- Assignment
All records are to be restated word for word, with pictures excluded.

··· Working data

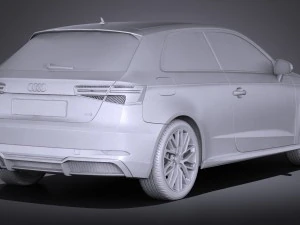 Audi a3 2017 3-door 3D Model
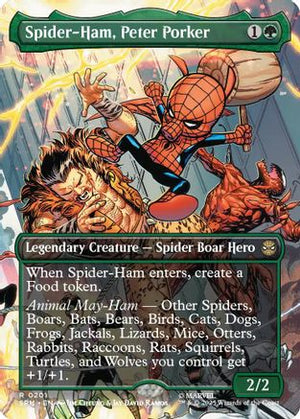 Spider-Ham, Peter Porker (Borderless) (SPM-201)  Foil - Marvel's Spider-Man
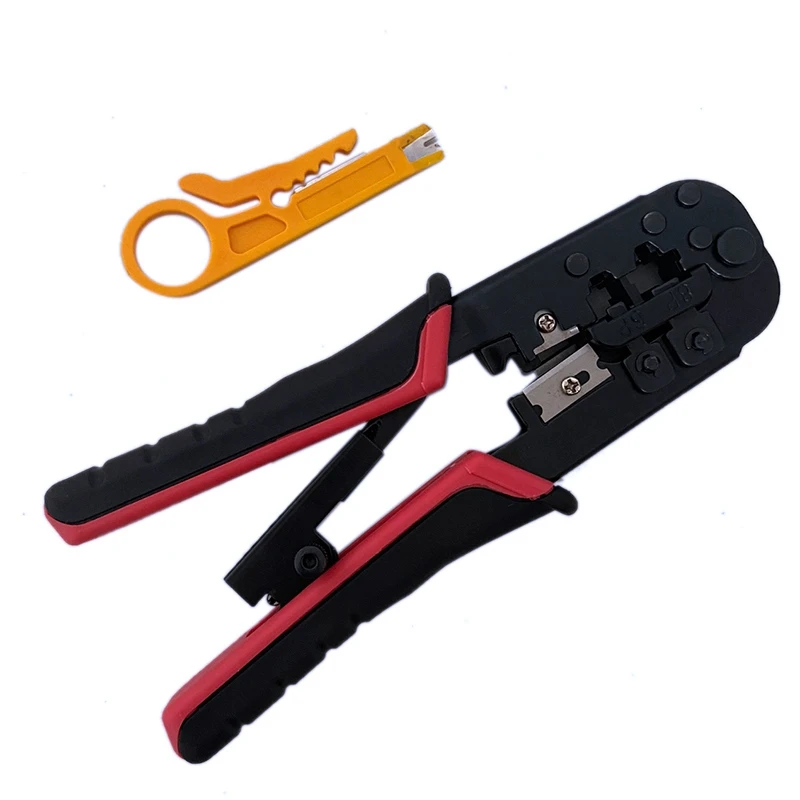 RJ45 Crimping Tool RJ45 Network Cutting Tools 8P Crimper Cutter Stripper Plier For Modular RJ12 RJ11 Crimp Crimper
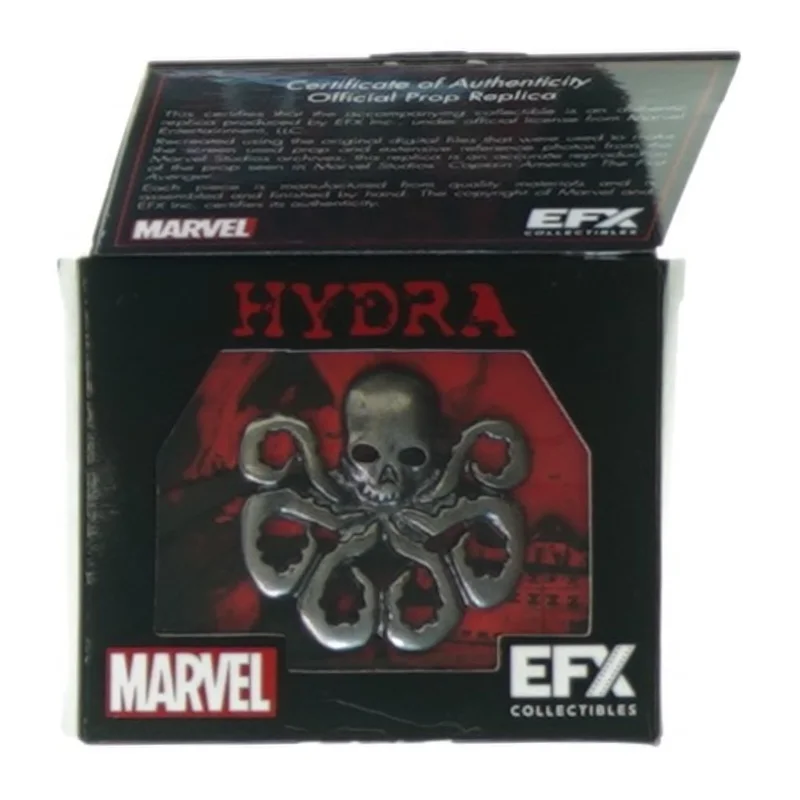 Captain America Hydra pin - Official prop replica fra Marvel (str. 8 x 6 cm)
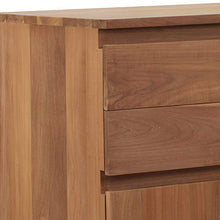 Teako Design Credenza Carmelo, resistente alle intemperie, 90 cm, mobili da giardino, resistente alle intemperie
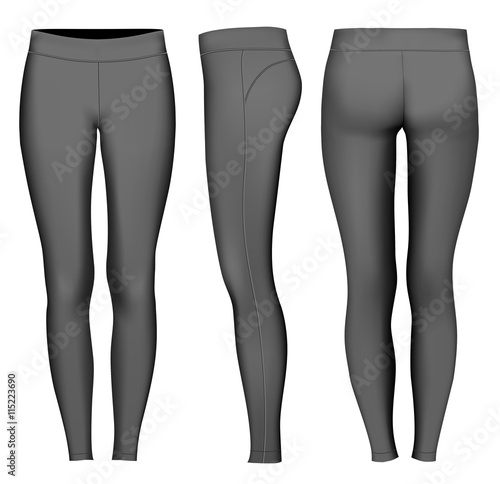 Women full length tights.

······

- Reply
 Audi a3 2017 3-door 3D Model
 Spider-Ham, Peter Porker (Borderless) (SPM-201)  Foil - Marvel's Spider-Man
 RJ45 Crimping Tool RJ45 Network Cutting Tools 8P Crimper Cutter Stripper Plier For Modular RJ12 RJ11 Crimp Crimper
 Captain America Hydra pin - Official prop replica fra Marvel (str. 8 x 6 cm)
 Teako Design Credenza Carmelo, resistente alle intemperie, 90 cm, mobili da giardino, resistente alle intemperie
 Women full length tights.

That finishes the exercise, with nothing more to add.